In der Vorstandsetage wirkt vieles unkoordiniert und empathielos. Die Außenwirkung ist verheerend. Dazu kommt der gewaltige Imageschaden für Club-Patron Tönnies, der mit seiner Firma mächtig unter Druck steht. Der 64-Jährige ist seit der Debatte um seine von vielen als rassistisch wahrgenommenen Äußerungen gegen Afrikaner als Gastredner bei einem Unternehmer-Treffen in Paderborn im August 2019 und dem merkwürdigen Umgang damit durch Schalkes Ehrenrat ohnehin angezählt.
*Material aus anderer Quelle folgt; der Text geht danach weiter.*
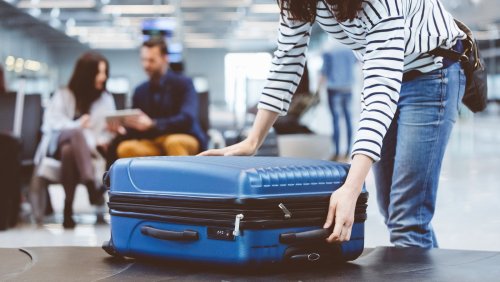 The Simple Item You Should Really Hope Airline Staff Never Put On Your Luggage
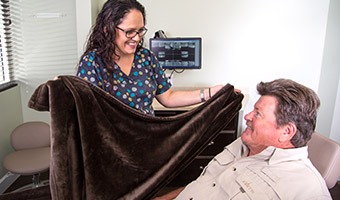 A dental assistant offering a fuzzy blanket to a patient in a dental exam chair. 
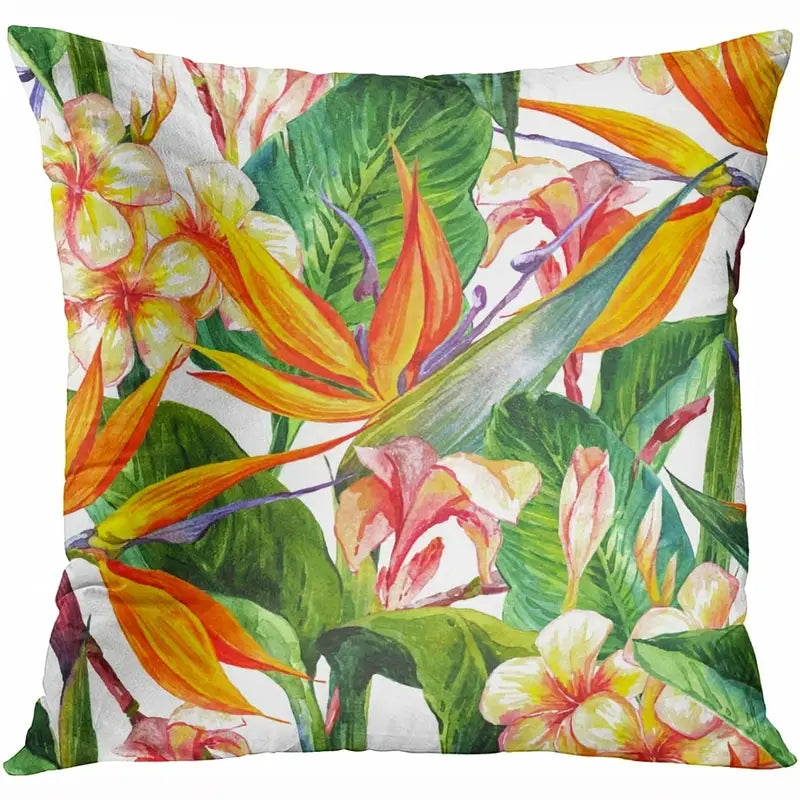 Decorative pillow cover featuring bird of paradise flowers, plumeria blooms, and green tropical leaves in orange, yellow, pink, and green tones.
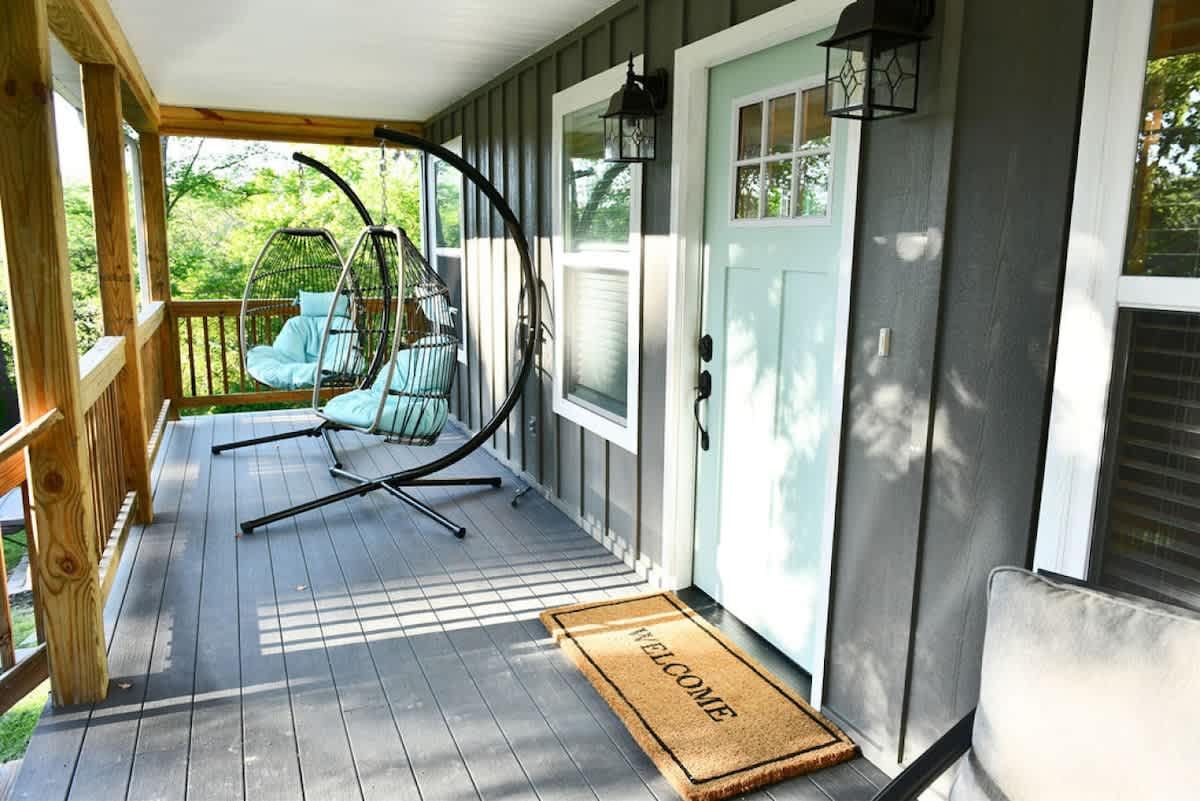 Hanging egg chair on the front porch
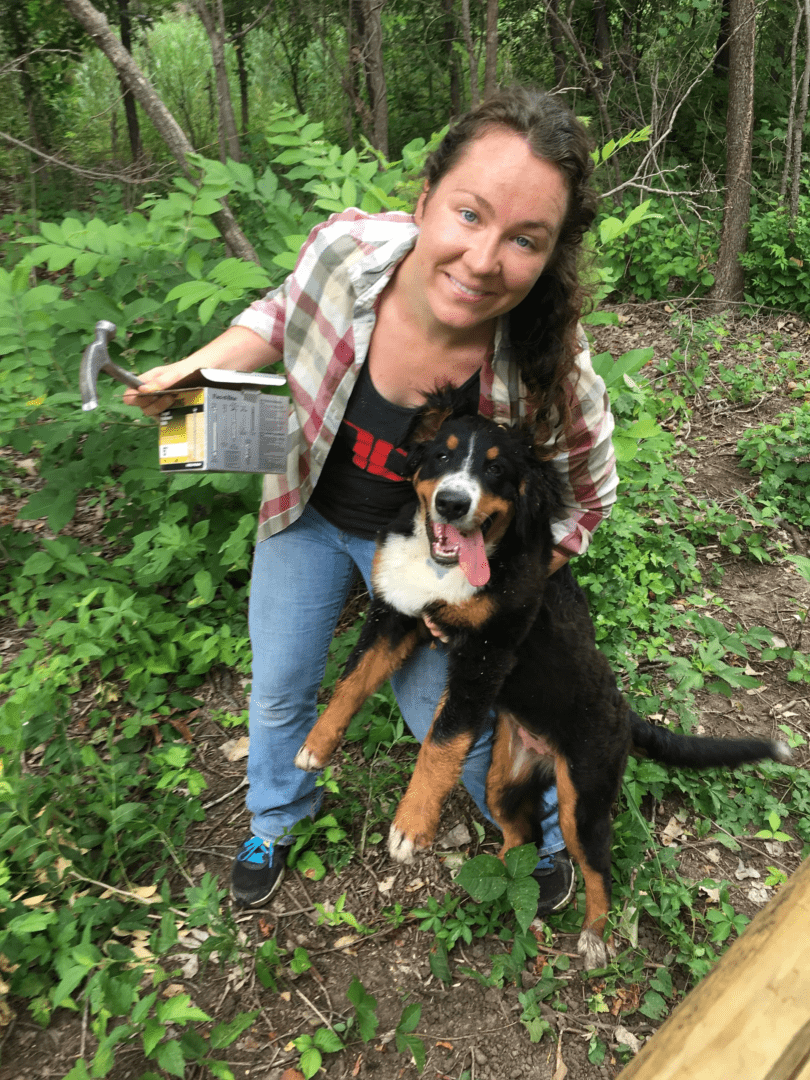 A woman and her dog in the woods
Tönnies‘ einst große Beliebtheitswerte rauschen so schnell in den Keller wie die Infektionsraten in seinem Fleisch-Imperium ansteigen. Auch die Mängel bei der Unterbringung vieler Werksarbeiter aus Rumänien, Bulgarien und Polen stoßen bei den Schalke-Fans auf Unverständnis. Schließlich leben die meisten in der strukturarmen Region im Ruhrgebiet. Viele sind selbst nicht auf Rosen gebettet.

Die Kraft der Anhänger ist nicht zu unterschätzen. Schalkes Fanclub-Verband zählt mehr als 60.000 Mitglieder. Dazu kommen einflussreiche Einzel-Gruppierungen. Viele Anhänger treibt längst die Sorge um, dass sich die Krise im Tönnies-Unternehmen auf den Club ausweiten könnte. Schalke-Legende Gerald Asamoah hofft, dass „es keine größeren Auswirkungen“ auf den Club hat. Sicher ist er aber nicht.